◆ **INFORMATION PROVIDED**

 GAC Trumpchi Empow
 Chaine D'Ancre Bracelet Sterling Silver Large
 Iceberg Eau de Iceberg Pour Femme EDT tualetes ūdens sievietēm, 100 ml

◆ **PROBLEM REQUIREMENTS**
Please transcribe word for word the lines from the line with "Chaine D'Ancre Bracelet" to the end of the material, both ends included.

◆ **TASK ANSWER**
 Chaine D'Ancre Bracelet Sterling Silver Large
 Iceberg Eau de Iceberg Pour Femme EDT tualetes ūdens sievietēm, 100 ml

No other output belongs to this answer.